Yemen's warring parties to start talks on second prisoner swap

Government and Houthi rebel representatives will convene in Amman on Thursday

Yemen's government will hold talks with Houthi rebels in the Jordanian capital on Thursday to arrange the next stage of a prisoner exchange deal, a government official told The National.

Majid Fadel, a member of the government's negotiating team, accused the Houthis of backtracking on an agreement reached at UN-led talks in Geneva in September to release all remaining prisoners, including four high-level government figures held by the rebels.

“The new negotiation round will start next Thursday in Amman and I would like to remind the Houthis that we have agreed in the last negotiation round in Montreux to implement a second swap deal to free all the remaining prisoners," Mr Fadel said.

A member of the Houthi negotiating team told the rebels' Al Masirah news channel on Saturday that the next round of talks would be based on an agreement signed in Amman in February under which the government would release 200 Houthis in exchange for 100 prisoners held by the rebels, including Naser Mansur Hadi, the brother of Yemeni President Abdrabu Mansur Hadi.

Mr Fadel rejected this, saying the agreement at the last round of talks in Geneva was for the rebels to free all prisoners.

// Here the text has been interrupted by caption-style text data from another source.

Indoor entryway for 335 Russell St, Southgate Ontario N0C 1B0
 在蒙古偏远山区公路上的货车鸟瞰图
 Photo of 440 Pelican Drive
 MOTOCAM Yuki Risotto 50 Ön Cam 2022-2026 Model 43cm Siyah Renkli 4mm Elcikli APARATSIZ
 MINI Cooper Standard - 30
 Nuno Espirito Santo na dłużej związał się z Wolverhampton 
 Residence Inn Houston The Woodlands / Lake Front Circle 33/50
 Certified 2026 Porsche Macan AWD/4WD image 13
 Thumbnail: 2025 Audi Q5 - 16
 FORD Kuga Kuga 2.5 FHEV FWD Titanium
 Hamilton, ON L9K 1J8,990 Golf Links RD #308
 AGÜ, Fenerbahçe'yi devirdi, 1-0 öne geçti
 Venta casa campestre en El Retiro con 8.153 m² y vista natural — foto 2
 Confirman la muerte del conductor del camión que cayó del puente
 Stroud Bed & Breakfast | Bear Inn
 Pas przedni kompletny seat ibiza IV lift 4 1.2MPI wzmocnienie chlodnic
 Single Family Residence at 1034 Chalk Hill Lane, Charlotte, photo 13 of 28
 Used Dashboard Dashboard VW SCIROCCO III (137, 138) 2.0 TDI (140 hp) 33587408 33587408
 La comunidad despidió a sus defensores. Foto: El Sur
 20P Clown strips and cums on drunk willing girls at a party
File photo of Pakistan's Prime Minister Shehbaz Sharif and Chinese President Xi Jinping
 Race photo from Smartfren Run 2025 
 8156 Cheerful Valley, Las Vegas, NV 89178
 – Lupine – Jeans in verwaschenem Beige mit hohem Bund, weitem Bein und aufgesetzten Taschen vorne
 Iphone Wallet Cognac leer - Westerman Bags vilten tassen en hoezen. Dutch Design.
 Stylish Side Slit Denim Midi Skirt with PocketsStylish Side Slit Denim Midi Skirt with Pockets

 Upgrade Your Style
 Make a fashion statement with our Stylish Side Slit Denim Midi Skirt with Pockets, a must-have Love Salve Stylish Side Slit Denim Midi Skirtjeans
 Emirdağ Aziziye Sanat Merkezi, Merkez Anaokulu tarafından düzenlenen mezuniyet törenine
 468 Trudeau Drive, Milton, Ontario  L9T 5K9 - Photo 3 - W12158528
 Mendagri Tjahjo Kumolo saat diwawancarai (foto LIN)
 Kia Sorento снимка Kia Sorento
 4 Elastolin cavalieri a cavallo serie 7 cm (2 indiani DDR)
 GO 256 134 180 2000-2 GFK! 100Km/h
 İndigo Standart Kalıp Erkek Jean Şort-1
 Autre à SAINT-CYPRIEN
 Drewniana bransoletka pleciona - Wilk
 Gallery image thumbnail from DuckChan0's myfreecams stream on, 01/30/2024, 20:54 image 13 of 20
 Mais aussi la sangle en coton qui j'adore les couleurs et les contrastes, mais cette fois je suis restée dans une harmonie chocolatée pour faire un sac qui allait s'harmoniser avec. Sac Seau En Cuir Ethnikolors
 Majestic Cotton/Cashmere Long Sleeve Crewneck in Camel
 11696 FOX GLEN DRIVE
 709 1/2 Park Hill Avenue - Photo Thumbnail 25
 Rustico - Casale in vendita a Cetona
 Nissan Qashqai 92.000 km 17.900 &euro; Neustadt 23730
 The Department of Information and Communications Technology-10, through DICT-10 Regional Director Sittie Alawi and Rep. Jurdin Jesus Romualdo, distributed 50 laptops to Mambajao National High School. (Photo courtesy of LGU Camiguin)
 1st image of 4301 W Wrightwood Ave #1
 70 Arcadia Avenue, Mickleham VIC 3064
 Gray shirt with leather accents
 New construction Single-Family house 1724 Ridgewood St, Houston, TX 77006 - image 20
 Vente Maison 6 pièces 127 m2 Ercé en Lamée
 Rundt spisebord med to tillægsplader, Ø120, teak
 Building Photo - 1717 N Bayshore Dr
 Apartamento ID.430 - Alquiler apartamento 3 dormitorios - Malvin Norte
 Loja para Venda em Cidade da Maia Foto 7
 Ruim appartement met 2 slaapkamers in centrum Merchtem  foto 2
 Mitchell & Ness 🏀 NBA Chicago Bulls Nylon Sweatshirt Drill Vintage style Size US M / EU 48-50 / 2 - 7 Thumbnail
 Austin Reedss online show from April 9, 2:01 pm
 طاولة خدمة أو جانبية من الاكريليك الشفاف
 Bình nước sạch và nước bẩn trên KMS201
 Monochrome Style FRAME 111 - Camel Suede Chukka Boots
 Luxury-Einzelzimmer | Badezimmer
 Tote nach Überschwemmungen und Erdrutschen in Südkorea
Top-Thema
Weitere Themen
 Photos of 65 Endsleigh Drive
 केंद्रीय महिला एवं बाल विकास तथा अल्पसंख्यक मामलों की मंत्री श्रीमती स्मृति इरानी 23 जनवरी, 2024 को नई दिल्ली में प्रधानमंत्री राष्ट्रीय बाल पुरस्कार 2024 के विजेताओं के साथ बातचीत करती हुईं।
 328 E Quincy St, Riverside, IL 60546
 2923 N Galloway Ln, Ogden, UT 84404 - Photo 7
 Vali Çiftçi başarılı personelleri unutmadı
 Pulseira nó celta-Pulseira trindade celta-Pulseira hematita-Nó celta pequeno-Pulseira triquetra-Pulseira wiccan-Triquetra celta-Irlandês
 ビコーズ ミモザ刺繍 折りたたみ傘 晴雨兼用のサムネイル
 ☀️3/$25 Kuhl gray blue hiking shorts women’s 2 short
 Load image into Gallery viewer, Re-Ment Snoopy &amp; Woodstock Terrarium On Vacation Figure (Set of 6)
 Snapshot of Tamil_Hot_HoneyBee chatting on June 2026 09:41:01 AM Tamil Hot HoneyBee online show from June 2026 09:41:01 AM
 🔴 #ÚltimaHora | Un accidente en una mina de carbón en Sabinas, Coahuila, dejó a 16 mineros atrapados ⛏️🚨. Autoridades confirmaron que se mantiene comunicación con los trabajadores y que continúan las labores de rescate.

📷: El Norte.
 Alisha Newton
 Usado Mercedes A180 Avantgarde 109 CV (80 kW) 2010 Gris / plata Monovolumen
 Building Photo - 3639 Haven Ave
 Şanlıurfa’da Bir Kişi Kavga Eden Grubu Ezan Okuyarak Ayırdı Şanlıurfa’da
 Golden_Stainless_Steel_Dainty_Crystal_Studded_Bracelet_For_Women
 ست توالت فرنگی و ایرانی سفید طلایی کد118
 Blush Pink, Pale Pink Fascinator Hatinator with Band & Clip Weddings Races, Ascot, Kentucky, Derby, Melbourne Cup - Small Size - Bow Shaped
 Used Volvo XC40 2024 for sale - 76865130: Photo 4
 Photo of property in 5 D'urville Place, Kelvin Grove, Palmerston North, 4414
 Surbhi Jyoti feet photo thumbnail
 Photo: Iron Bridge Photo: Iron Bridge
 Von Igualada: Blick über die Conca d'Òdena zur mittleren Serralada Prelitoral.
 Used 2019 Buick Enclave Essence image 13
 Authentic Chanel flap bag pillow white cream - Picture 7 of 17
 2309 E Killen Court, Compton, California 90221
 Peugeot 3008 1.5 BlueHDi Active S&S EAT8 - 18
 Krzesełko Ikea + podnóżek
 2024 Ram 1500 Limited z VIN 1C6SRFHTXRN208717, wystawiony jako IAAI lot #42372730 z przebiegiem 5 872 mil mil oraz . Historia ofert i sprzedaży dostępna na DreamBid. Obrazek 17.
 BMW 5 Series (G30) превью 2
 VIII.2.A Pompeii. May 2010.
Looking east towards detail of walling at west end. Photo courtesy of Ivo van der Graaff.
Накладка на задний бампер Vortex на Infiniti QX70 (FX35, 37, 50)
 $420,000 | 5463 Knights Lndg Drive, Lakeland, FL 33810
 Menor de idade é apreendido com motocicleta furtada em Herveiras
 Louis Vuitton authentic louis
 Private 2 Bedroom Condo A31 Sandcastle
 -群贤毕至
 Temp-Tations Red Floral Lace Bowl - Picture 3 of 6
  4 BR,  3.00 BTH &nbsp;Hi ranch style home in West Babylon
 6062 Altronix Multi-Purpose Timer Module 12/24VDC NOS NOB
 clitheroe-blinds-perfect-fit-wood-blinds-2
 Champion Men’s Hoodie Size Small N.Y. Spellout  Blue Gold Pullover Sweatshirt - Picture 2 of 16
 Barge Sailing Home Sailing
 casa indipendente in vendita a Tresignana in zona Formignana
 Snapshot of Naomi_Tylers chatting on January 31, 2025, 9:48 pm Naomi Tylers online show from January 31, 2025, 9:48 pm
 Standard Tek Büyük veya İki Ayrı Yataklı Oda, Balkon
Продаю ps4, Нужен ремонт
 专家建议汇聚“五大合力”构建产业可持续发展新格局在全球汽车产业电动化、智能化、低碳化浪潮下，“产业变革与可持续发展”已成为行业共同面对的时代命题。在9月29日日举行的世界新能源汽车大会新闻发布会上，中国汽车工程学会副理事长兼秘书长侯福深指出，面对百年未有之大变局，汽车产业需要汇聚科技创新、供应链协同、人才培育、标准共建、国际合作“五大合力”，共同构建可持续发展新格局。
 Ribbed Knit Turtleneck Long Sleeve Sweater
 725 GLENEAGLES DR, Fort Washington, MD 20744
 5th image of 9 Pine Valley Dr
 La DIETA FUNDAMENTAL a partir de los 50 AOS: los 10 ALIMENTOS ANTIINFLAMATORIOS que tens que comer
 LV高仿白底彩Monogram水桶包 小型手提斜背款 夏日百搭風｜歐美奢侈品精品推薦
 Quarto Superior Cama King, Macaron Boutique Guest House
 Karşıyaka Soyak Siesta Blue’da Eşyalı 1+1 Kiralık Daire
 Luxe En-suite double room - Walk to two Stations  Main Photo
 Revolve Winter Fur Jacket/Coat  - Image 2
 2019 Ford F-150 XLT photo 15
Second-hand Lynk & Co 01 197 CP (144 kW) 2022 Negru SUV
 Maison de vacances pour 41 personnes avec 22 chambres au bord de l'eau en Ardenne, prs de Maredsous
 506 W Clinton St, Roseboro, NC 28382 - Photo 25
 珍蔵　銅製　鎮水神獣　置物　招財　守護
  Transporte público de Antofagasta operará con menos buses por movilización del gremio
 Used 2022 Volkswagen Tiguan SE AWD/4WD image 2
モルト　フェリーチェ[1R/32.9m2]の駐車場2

This would include the president's brother, former defence minister Brig Mahmoud Al Subaihi and two other senior figures.

“The Houthi militia continues its blatant fallacy regarding the prisoner file,” he said.

“Everybody knows that our demand since the Stockholm agreement was signed in December 2018 is to free all the prisoners and all the detainees on the basis of 'all for all', but the Houthi militia has been persisting in politicising this humanitarian file.”

The government and rebels made a breakthrough in the drawn-out prisoner exchange negotiations in September leading to the exchange of 1,081 prisoners last month, which the UN special envoy to Yemen, Martin Griffiths, hailed as one of the biggest prisoner swaps of its kind yet.

Mr Griffiths, who brokered peace talks in Sweden two years ago, said after the exchange that thousands of other men were still detained and an agreement must be reached to release them.

“We will soon convene the parties to discuss more releases, in line with the commitment they made in Stockholm in December 2018 to release all conflict-related prisoners and detainees,” he said.